12.00 - HAMAS: «TRE MISSILI VERSO L'AEROPORTO». Hamas ha affermato di aver lanciato tre missili a lunga gittata verso l'aeroporto internazionale Ben Gurion di Tel Aviv. Le brigate Ezzedin al Qassam , si legge nel comunicato, «hanno lanciato tre razzi di tipo M75 alle 11:45 locali (le 10:45 in Italia) verso l'aeroporto Ben Gurion».

10.53 - MINISTRO TURCO IN QATAR PER LA TREGUA. Il ministro degli Esteri turco Ahmed Davutoglu ha annullato una visita in Francia ed è partito per il Qatar dove discuterà di una possibile tregua tra Israele e Hamas a Gaza. La decisione, hanno fatto sapere fonti palestinesi, «è stata presa dopo una teleconferenza con il segretario di Stato americano John Kerry e il ministro degli Esteri del Qatar. E dopo aver parlato separatamente con responsabili di gruppi palestinesi»

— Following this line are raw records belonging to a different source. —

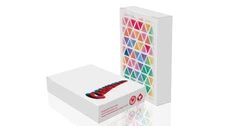 Limited Edition CardMaCon Playing Cards Deck Brand New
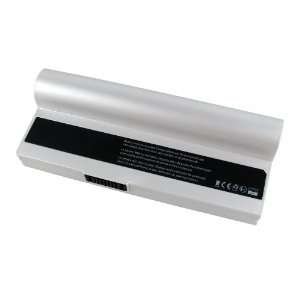  Asus EEE PC 1000H Laptop Battery (Replacement 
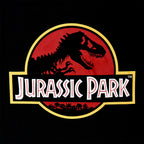 Product image Jurassic Park - Logo T-Shirt black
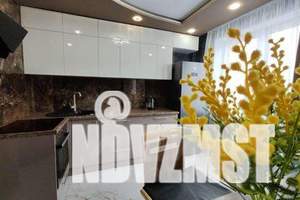 1-к квартира, посуточно, 35м2, 5/10 этаж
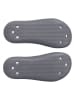 Under Armour Slippers "Locker V" grijs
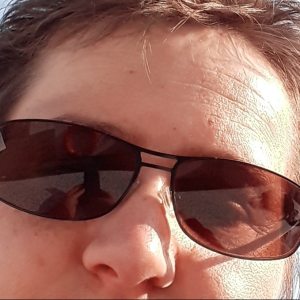 Profilbild von Sandra Sieber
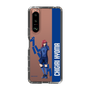 Slim Protection Case［ BLUELOCK - Chigiri Hyoma ］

10.51 - SIRENE IN AZIONE A TEL AVIV. Le sirene di allarme stanno risuonando in questo momento a Tel Aviv. Si sono udite quattro esplosioni dovute probabilmente all'intercettazione dei razzi da parte dell'Iron Dome

9.53 - CENTINAIA DI FERITI IN CISGIORDANIA. Forte tensione in Cisgiordania e a Gerusalemme Est dopo gli scontri fra dimostranti e reparti dell'esercito a Sud di Ramallah in cui un palestinese è rimasto ucciso e un altro è stato ricoverato in stato di 'morte clinica'. I feriti sono oltre un centinaio. Secondo la radio militare i dimostranti, circa 10 mila, hanno attaccato i soldati con bottiglie incendiarie e, secondo una testimonianza, qualcuno fra di loro avrebbe anche sparato.
Intanto, a Qalandia già infuriavano gli scontri tra la polizia di confine israeliana e centinaia di giovani palestinesi. La zona appariva un campo di battaglia. Da parte palestinese, lanci di bottiglie incendiarie e fuochi d'artificio palestinesi. Da parte israeliana si è fatto ricorso a proiettili di gomma, a granate assordanti e anche a proiettili veri. Dai tetti delle abitazioni vicine sono stati esplosi verso il posto di blocco anche colpi di arma da fuoco, probabilmente kalashnikov. L'attacco è stato poi rivendicato dalle Brigate al Aqsa, il braccio militare di Fatah. Scontri sono avvenuti anche nella Spianata delle moschee di Gerusalemme. Dimostranti hanno appiccato il fuoco a una stazione di polizia israeliana.